REQUIREMENT:
Repeat the data in full. Drop every picture.

***** INPUT DATA *****

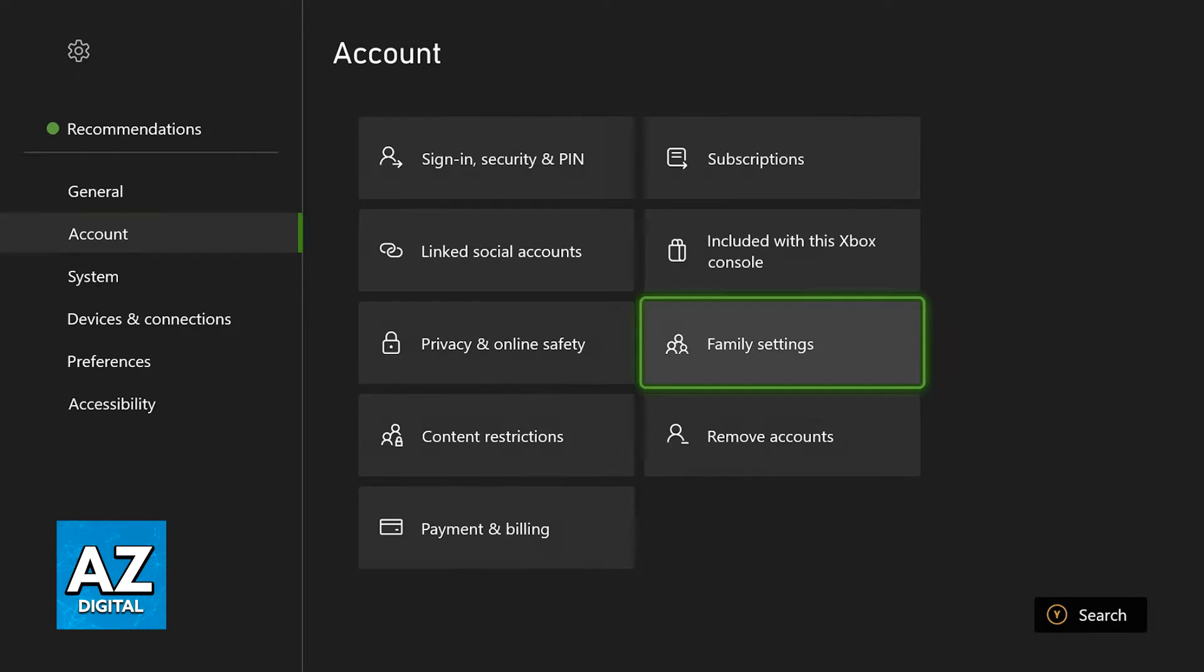One of the categories is family management, so go over to the family settings in your Xbox general settings.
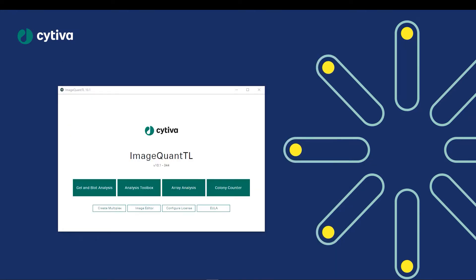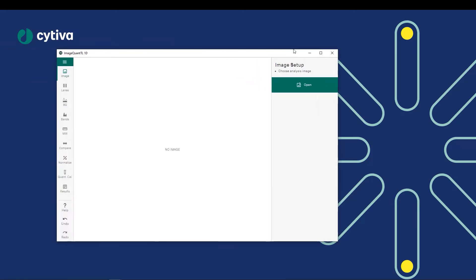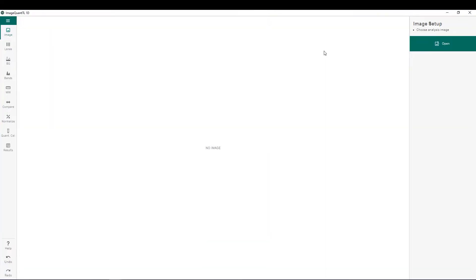Now that we have generated our multiplex image, we can begin the analysis using the gel and blot analysis module. Once open, we can choose to open our image of interest using the Open button on the right side, and then select the DS file which was just generated.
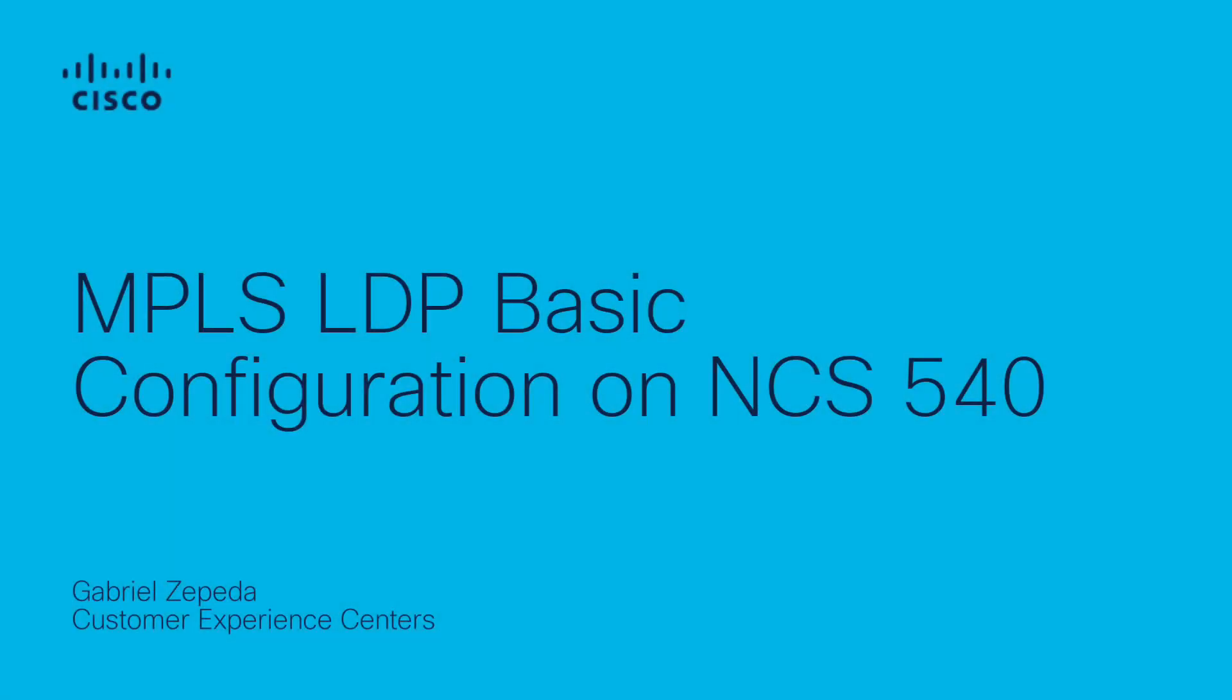Greetings, this is Gabriel Cepeda from Cisco TAG Service Provider Action Cable Team. MPLS LDP is one of the foundations of service provider networks and can be configured with two different IGPs, OSPF and ISIS.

*****

SOLVED EXERCISE:
One of the categories is family management, so go over to the family settings in your Xbox general settings.
Now that we have generated our multiplex image, we can begin the analysis using the gel and blot analysis module. Once open, we can choose to open our image of interest using the Open button on the right side, and then select the DS file which was just generated.
Greetings, this is Gabriel Cepeda from Cisco TAG Service Provider Action Cable Team. MPLS LDP is one of the foundations of service provider networks and can be configured with two different IGPs, OSPF and ISIS.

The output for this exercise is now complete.